Originally Posted by keavze
now back to 'business'...
what's the difference or how will the car be affected if you use a hard spring with thin shock oil or soft spring with thick oil?
example: 1.8mm spring with 300oil vs 1.4mm spring with 700oil.
The oil determines how fast the shock shaft moves, this is also referred to as dampening. If low dampening is desired you would use a lower weight oil to facilitate a higher speed. To raise the dampening (slow the speed) you would need to use a heavier weight oil.
Pistons control what speed the oil flows from the lower chamber of the shock to upper chamber and visa-versa. A larger hole, more holes, or a combination of both in the piston will give a faster flow which will give a higher shaft speed (lower dampening), smaller holes or less holes in turn will slow down the shaft (higher dampening). This is effectively the same as using lighter or thicker oil but there are less concerns about oil contamination (two different oil weights being mixed).
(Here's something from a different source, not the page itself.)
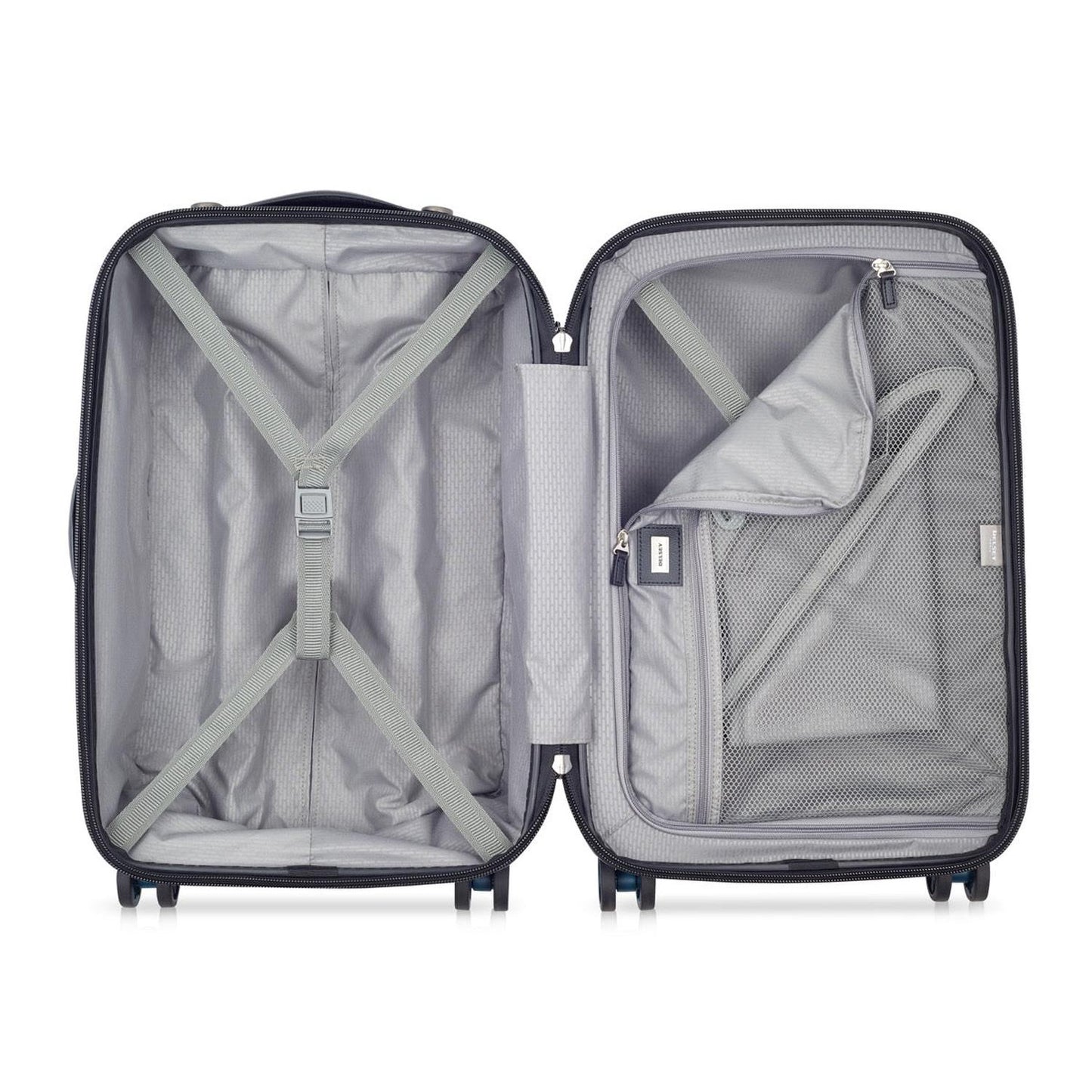 Delsey Maleta De Viaje de Cabina CHATELET AIR 2.0 con TSA, 55cm, Verde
The shock dampening should be tuned to the fastest movement that the shock shaft will encounter. This is done to allow the shock to have consistent and quick reaction without causing a back-up in the transition of the oil between the chambers (see piston hydrodynamics). If a back-up occurs the dampening will have a negative effect on handling of the vehicle because it will not allow the spring to start and complete itıs job effectively.
If the dampening is to high the shock will act as a secondary spring or spring bumper which will not allow the vehicle to transition through rapid changes in direction easily. Over dampening will smooth out the ride of a vehicle over minor bumps by making them almost invisible to the springs. Major bumps will cause the vehicle to become unstable. The major of concern of over dampening is that the car will become sluggish through chicanes and in avoidance maneuvers.
If the dampening is to low the shock will not be able to control the spring causing the car to oscillate (bounce continuously) causing a loss of grip over any bump. Transitions in a low dampening situation will be extremely quick, most of the time too quick. The main concern of this situation is that the car becomes extremely unstable under any situation. The one thing that an under dampened situation helps, is that it is able to absorb large bumps with ease.
It is better for the car to be over dampened than under dampened because an unstable car is uncontrollable. The optimum dampening should be just enough to stop the spring from oscillating.
The job of the spring is to hold the weight of the vehicle above the ground and control the movement of the suspension.
The stiffness determines how much force is required to compress the spring.
A higher stiffness will require m ore weight to compress the spring than one with a lower stiffness. The stiffness of a spring has a tremendous affect on how a vehicle will respond to the surfaces that it travels across and how the tires will react.
Since shocks control the spring and springs control the car, the relationship is fairly simple. The dampening is there to keep the car from oscillating (or bouncing) which reduces the contact of the tires to the road. It is essential to match the shock oil with the particular stiffness of spring that is to be used. If this is not accomplished the car will either be over or under dampened. To find the optimum you must make sure that the car can traverse bumps in the track without oscillating continuously after the initial bump. If an oscillation occurs, the spring that you are using is too stiff or your dampening is too low. A car that is set-up correctly should have no oscillation yet have a very quick reacting suspension.